** Opening Data for this exercise block **

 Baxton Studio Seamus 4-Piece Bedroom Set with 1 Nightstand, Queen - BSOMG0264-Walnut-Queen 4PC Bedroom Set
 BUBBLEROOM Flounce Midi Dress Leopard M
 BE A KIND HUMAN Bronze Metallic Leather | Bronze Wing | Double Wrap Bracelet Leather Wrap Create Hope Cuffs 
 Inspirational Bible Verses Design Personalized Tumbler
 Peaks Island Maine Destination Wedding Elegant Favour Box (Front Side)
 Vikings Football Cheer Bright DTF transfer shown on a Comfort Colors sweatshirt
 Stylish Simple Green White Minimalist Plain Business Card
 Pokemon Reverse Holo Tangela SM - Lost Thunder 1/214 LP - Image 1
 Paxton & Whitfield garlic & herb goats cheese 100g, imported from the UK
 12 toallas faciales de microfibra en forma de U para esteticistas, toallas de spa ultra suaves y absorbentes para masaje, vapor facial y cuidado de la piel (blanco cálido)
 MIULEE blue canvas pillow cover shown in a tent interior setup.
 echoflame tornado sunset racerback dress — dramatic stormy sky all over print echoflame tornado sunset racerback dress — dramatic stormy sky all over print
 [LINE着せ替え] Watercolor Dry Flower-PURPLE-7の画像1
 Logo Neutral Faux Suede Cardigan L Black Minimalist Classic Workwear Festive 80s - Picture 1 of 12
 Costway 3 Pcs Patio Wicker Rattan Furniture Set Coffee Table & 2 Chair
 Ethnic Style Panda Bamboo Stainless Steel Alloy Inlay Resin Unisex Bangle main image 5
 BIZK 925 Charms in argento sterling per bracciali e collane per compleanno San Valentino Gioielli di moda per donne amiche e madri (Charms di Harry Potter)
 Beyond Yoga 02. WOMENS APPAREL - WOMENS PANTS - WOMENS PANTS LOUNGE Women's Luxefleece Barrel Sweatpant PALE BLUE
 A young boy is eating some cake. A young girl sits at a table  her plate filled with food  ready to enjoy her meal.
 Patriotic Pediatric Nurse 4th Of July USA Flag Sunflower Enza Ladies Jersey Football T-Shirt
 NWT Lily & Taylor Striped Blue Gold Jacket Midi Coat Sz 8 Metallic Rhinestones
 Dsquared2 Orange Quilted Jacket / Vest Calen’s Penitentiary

** Closing Data for this exercise block **

Problem statement
Return the records in full, exactly as they read.

Exercise output
 Baxton Studio Seamus 4-Piece Bedroom Set with 1 Nightstand, Queen - BSOMG0264-Walnut-Queen 4PC Bedroom Set
 BUBBLEROOM Flounce Midi Dress Leopard M
 BE A KIND HUMAN Bronze Metallic Leather | Bronze Wing | Double Wrap Bracelet Leather Wrap Create Hope Cuffs 
 Inspirational Bible Verses Design Personalized Tumbler
 Peaks Island Maine Destination Wedding Elegant Favour Box (Front Side)
 Vikings Football Cheer Bright DTF transfer shown on a Comfort Colors sweatshirt
 Stylish Simple Green White Minimalist Plain Business Card
 Pokemon Reverse Holo Tangela SM - Lost Thunder 1/214 LP - Image 1
 Paxton & Whitfield garlic & herb goats cheese 100g, imported from the UK
 12 toallas faciales de microfibra en forma de U para esteticistas, toallas de spa ultra suaves y absorbentes para masaje, vapor facial y cuidado de la piel (blanco cálido)
 MIULEE blue canvas pillow cover shown in a tent interior setup.
 echoflame tornado sunset racerback dress — dramatic stormy sky all over print echoflame tornado sunset racerback dress — dramatic stormy sky all over print
 [LINE着せ替え] Watercolor Dry Flower-PURPLE-7の画像1
 Logo Neutral Faux Suede Cardigan L Black Minimalist Classic Workwear Festive 80s - Picture 1 of 12
 Costway 3 Pcs Patio Wicker Rattan Furniture Set Coffee Table & 2 Chair
 Ethnic Style Panda Bamboo Stainless Steel Alloy Inlay Resin Unisex Bangle main image 5
 BIZK 925 Charms in argento sterling per bracciali e collane per compleanno San Valentino Gioielli di moda per donne amiche e madri (Charms di Harry Potter)
 Beyond Yoga 02. WOMENS APPAREL - WOMENS PANTS - WOMENS PANTS LOUNGE Women's Luxefleece Barrel Sweatpant PALE BLUE
 A young boy is eating some cake. A young girl sits at a table  her plate filled with food  ready to enjoy her meal.
 Patriotic Pediatric Nurse 4th Of July USA Flag Sunflower Enza Ladies Jersey Football T-Shirt
 NWT Lily & Taylor Striped Blue Gold Jacket Midi Coat Sz 8 Metallic Rhinestones
 Dsquared2 Orange Quilted Jacket / Vest Calen’s Penitentiary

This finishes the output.